La satira richiede erudizione e libertà di pensiero. Se sono ignorante, se sono un credente un po’ bigotto, oppure un funzionario sciocchino del PCI negli anni ’50, è ovvio che non capirò/non gradirò una beata mazza. La comicità è uno che inciampa, cade e si spiaccica sulla faccia la torta che stava portando in tavola. Stop. La satira è una cosa spesso cattiva (ma non necessariamente) che mette a nudo le falsità del potere, le ipocrisie dei potenti, le meschinità dei celebri che se la tirano, che fingono, che posano: Depardieu che chiede la cittadinanza russa per non pagare le tasse, gli snobismi scemi della Carlà Bruni in Sarkozy, Hollande col casco in testa e il pisello (piccolo) fuori dalla patta… La satira quando funziona fa ridere svelando una verità. La comicità fa ridere (se fa ridere) e basta.
Tornando al gravissimo rischio che stava correndo Charlie – ma quant’è buono, ma quant’è bello il catarro del cammello! – grazie al cielo, è il caso di dirlo, è arrivato il selfie di Francesco. Dall’alto dei cieli in volo verso le Filippine, il Papa ha dichiarato che – certo – non si ammazza in nome di Dio. Ma se uno offende la mamma (la sua, la nostra, entrambe?) è lecito che si attenda un pugno.

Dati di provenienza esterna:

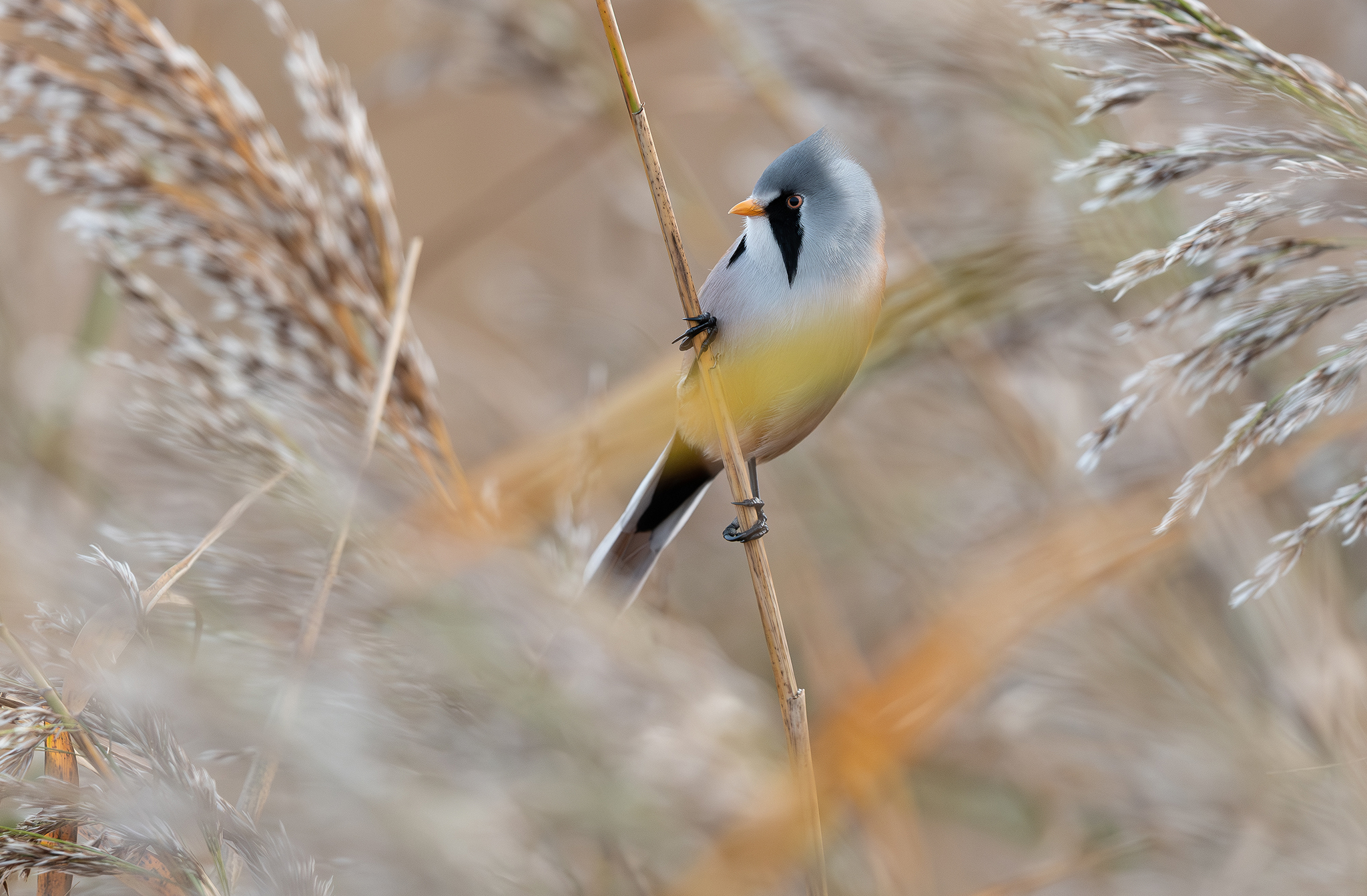 Panure à moustaches (Panurus biarmicus)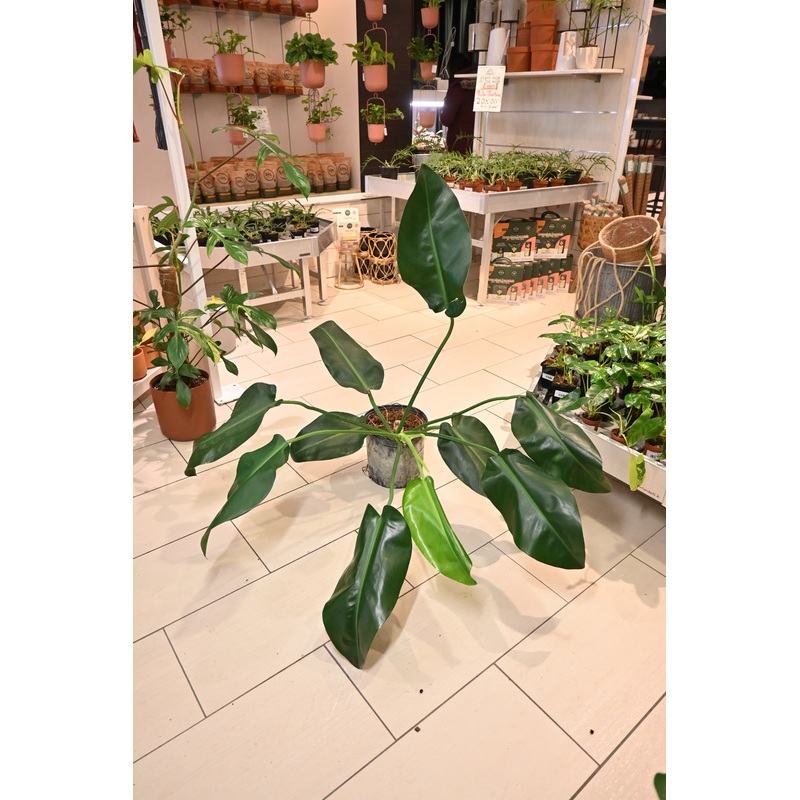Philodendron Renauxii *No Shipping*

La mamma, la più grande istituzione che la cultura giudaico-cristiana abbia mai creato. Toccami tutto, ragazzo latino, ma la mamma, la mamma no!
Così Francesco, comunicatore pop che neanche Matteo Salvini, in un colpo compie ben tre miracoli: attualizza il Vangelo (l’altra guancia da porgere sparita) salva l’onore dei vignettisti e crea una nuova categoria del genere “se la sono cercata”.
Se ammazzarli è troppo, diciamo che un sacco di legnate i Charlie anarco-libertini se le meritavano?